The article, titled "Climate Change as a Business Strategy in the Coffee Sector," appears in New Political Economy and is authored by Janina Grabs, Stefano Ponte and Marc Castellón Durán. The University of Basel summary notes the research draws on "extensive interviews and document analysis," but does not supply interview counts or a geographic breakdown in the press item. The study explicitly names the policy and commercial instruments driving change: carbon markets, insetting schemes, sustainability-linked finance, and corporate net-zero commitments.

Grabs, identified on the university pages as an associate professor and head of the Sustainability Research Group in the Department of Social Sciences, has long focused on coffee, cocoa and palm oil governance. In a UNI NOVA profile from November 2025 she reflected on her path into the field: "Even as a student, I was fascinated by the fact that people grow products that allow us to enjoy a good diet here in Central Europe but often don’t afford them a living wage." The University of Basel news item includes a photo captioned "Young professor surrounded by tropical plants in the greenhouse of the Botanical Garden Basel" with photo credit Christian Flierl.

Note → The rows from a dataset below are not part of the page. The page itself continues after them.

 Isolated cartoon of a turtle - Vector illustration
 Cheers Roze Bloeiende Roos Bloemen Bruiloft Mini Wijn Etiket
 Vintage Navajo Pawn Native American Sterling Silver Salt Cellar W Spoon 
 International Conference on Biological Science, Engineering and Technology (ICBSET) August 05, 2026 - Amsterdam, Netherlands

Concrete production-level pressures are visible in Ethiopia, where a December 2025 Sustainable Futures paper (article 101459) documents changing conditions for Arabica coffee. "Ethiopia’s coffee sector, pivotal to the nation’s economy and cultural identity, is currently navigating a labyrinth of natural factors with climate change casting a long and formidable shadow over the future," the authors write. Their mixed-methods study collected data from 1,020 coffee producers through a survey, 30 focus group discussions, and 67 semi-structured interviews, and lists clear impacts: "Rising temperatures and changing rainfall patterns are affecting coffee value chain (farm-to-cup)." It also records that "Khat, Eucalyptus, Juniperus procera, and Grevillea cultivations are expanding in coffee growing areas" and warns that "The increasing incidence of coffee berry disease (CBD) and coffee wilt disease (CWD) pose a threat to the coffee sector."

AI-generated illustration
AI-generated illustration

Putting the two studies side by side, the University of Basel analysis maps who is capturing climate-linked revenue streams while the Ethiopia paper maps what growers are losing to heat, pests and crop substitution. The Unibas summary notes plainly that "the costs and risks associated with climate adaptation and mitigation are often borne by smallholder farmers," a distributional outcome the New Political Economy article frames as a transformation of the political economy of the coffee sector.

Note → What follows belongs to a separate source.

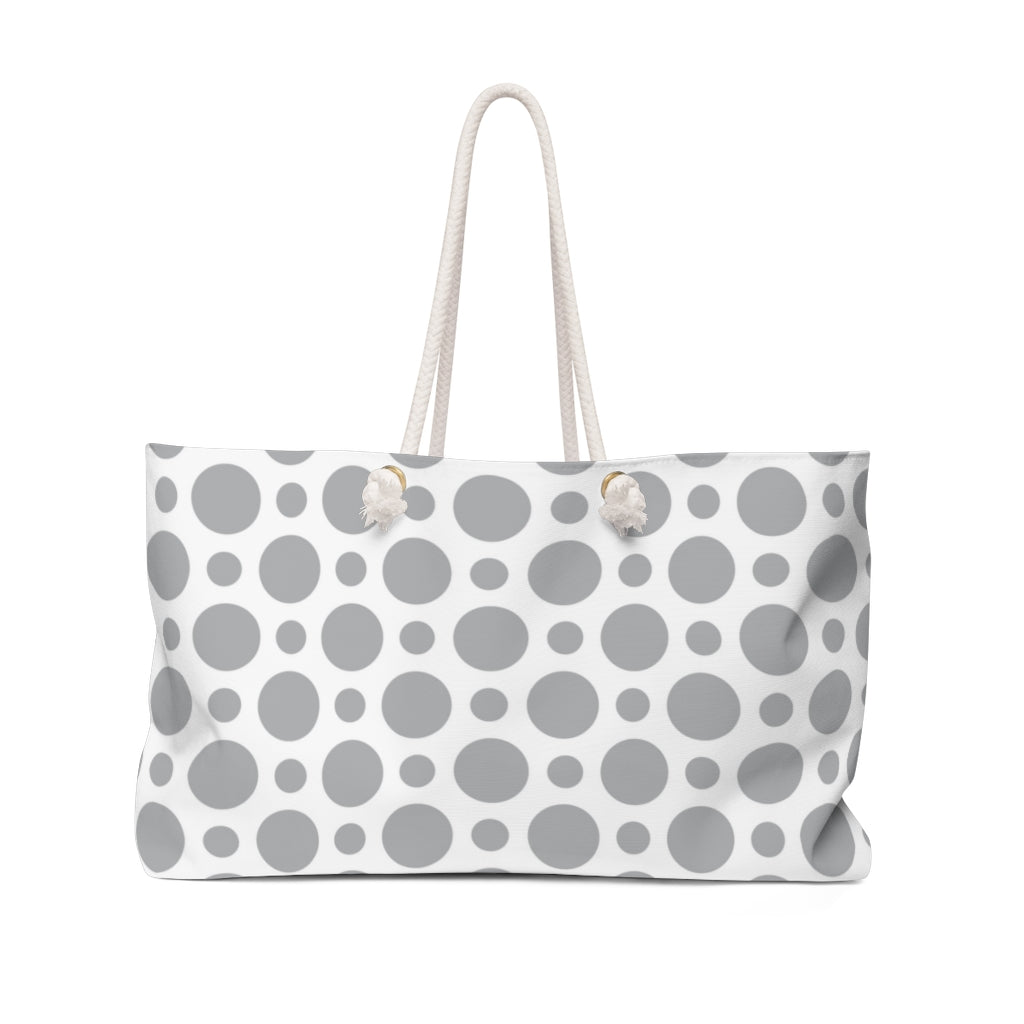 grey polkadot travel bag. weekender bag with grey and white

Policymakers and firms face a choice documented across both papers: scale carbon and finance mechanisms that funnel "green capital accumulation" to midstream and downstream actors, or design interventions that channel support, adaptation finance and technical measures back to smallholders. The Ethiopia paper concludes that "the current impact of climate change on the coffee value chain underscores the immediate need for policymakers and agricultural practitioners to effectively implement sustainable coffee production, processing, storage, and transport methods to enhance the sector’s resilience.